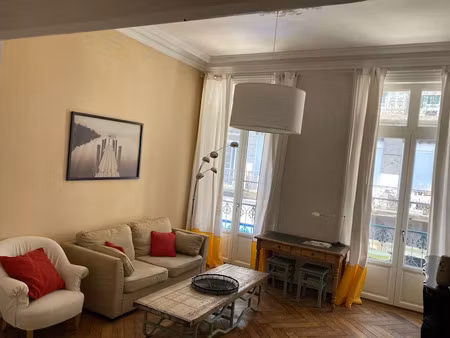 location meublée appartement 2 pièces 42 m² à saint-etienne (42000)  560 €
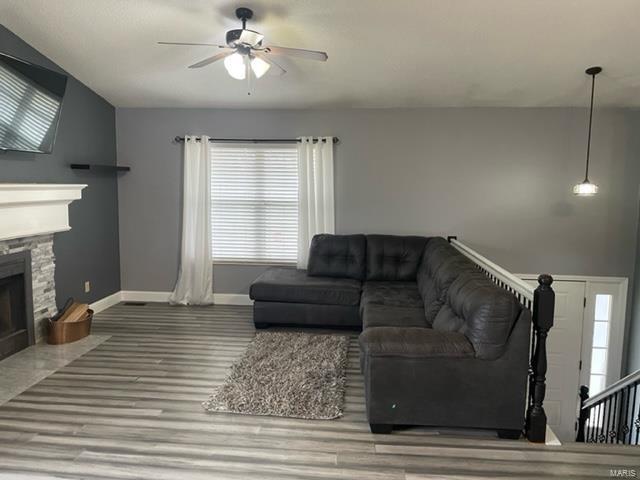 421 High Point Drive Edwardsville, IL 62025 - Photo 3 of 25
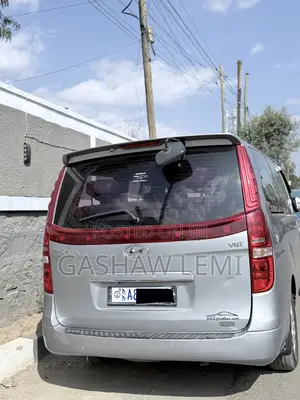 Hyundai Starex 2015 Gray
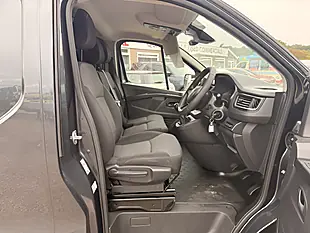 Used 2022 Renault Trafic SL28 Business L1 H1 Grey - Interior and Exterior details 15
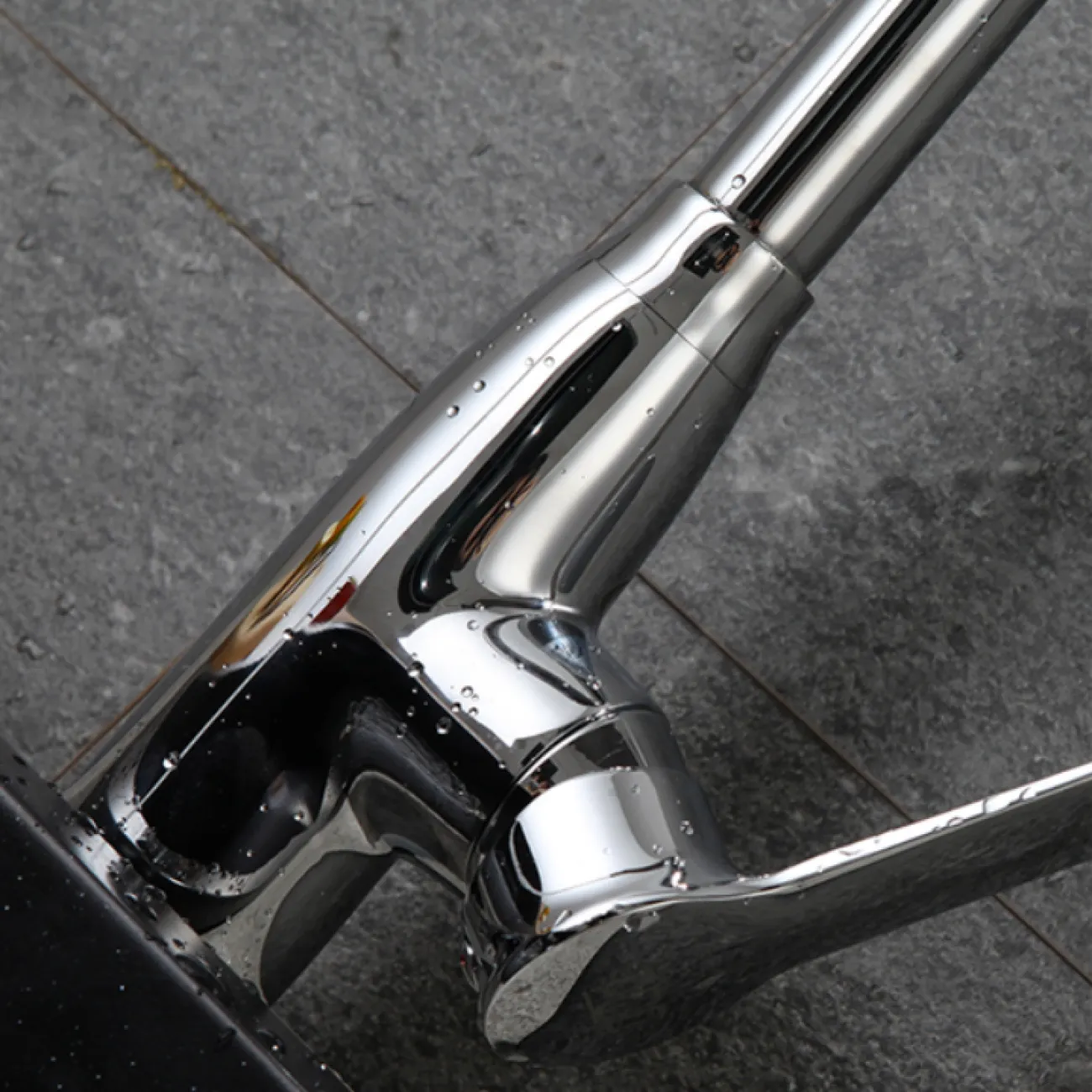 Минималистичный латунный смеситель для кухни в Современном стиле LaLume MB21149-23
┄┄┄┄┄┄
ASSIGNED TASK - Begin with the line that has "Used 2022 Renault" and continue to the last line of the entries, printing each line exactly and nothing else; include both ends and skip the pictures.

WRITTEN RESPONSE -
 Used 2022 Renault Trafic SL28 Business L1 H1 Grey - Interior and Exterior details 15
 Минималистичный латунный смеситель для кухни в Современном стиле LaLume MB21149-23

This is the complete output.